4. Business development: what works and what doesn’t?

Soffer drew a distinction between “soft” and “hard” forms of business development. “Soft” business development, which can include things like speaking on panels and writing articles, is good, but it tends to be gradual — “a slow boat to business,” and hard to credit for winning a particular engagement.

As for “hard” or more targeted business development, said Soffer, lunches or dinners with in-house lawyers don’t really work (see also Mark Herrmann on this topic). Instead, you need to integrate yourself into the client, through things like targeted CLE presentations or secondments of your lawyers to the client.

Shaffer agreed with Soffer on the value of secondments and targeted CLE. JPMorgan, through its “Chase Law Institute,” will have law firms present to its lawyers on a particular issue or problem. “Lunches can be fun,” Shaffer said, “but we are busy people, and in the end it’s not that effective at business development.”

5. How can small firms compete with large ones?

With the help of technology, including LPOs like Pangea3. Joe Borstein said that small law firms often come to Pangea3 to get the help they need to take on larger cases. Say a boutique firm wants to take on a mammoth matter but has just three lawyers on its payroll. Pangea3 can staff 50 to 60 lawyers on that case, giving the small firm the capability it needs to go toe to toe with bigger players.

6. Is the constantly predicated demise of the billable hour finally coming?

Borstein, sharing a joke he heard at a prior panel, compared alternative-fee arrangements to high school sex: “Everybody talks about it, but few are doing it — and those who are doing it are not doing it well.”

Soffer agreed that the buzz over alternative fees is overblown. Most alternative-fee arrangements are really not that creative, basically discounts off hourly rates but with kickers for success. Part of this is because of the clients: Katten will offer clients all sorts of different fee options, but often the clients just want a discount.

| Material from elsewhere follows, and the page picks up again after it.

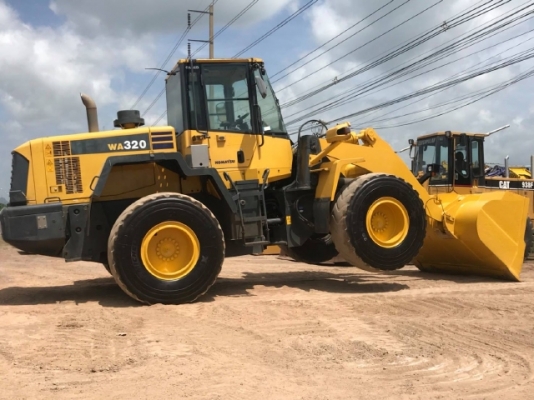 ขายรถตักล้อยาง KOMATSU WA320-6 รถนอกนำเข้าจากญี่ปุ่น สภาพสวยพร้อมใช้งาน มีVDOการทำงานครับ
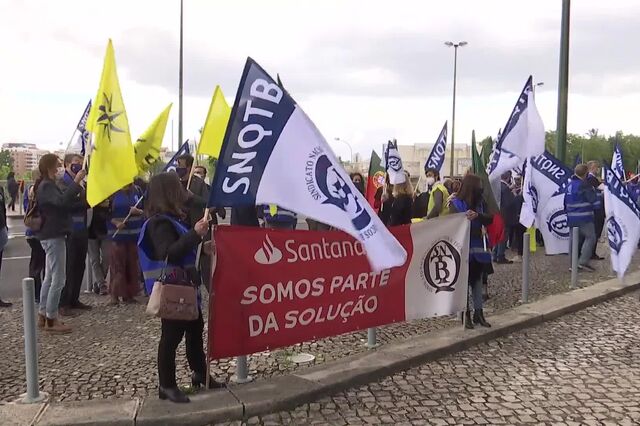 Cerca de 100 bancários protestam em Lisboa contra despedimentos anunciados pelo Santander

Shaffer said that, from where he sits as an in-house lawyer, alternative fees are “somewhere between rhetoric and reality.” But JPMorgan certainly does have fixed-fee arrangements for certain types of work. Sometimes it will bid out an entire portfolio of work to a firm, and that project can be profitable to the firm — provided that the firm is efficient.

7. What is the outlook for young lawyers just getting started in the profession today?

According to Soffer, it’s tougher today for young lawyers. Twenty-five years ago, it was enough to be a very good lawyer, skilled at your craft, in order to advance. Today you need the total package — good at your craft, but also good at selling to and servicing your clients.

Citing the way that technology is transforming the practice of law — a transformation that he and colleague Ed Sohn cover in their Above the Law column, alt.legal — Borstein sounded optimistic notes: “This is an exciting time for legal entrepreneurs. There is a lot of opportunity out there — and many of those opportunities lie outside the white-shoe law firm.”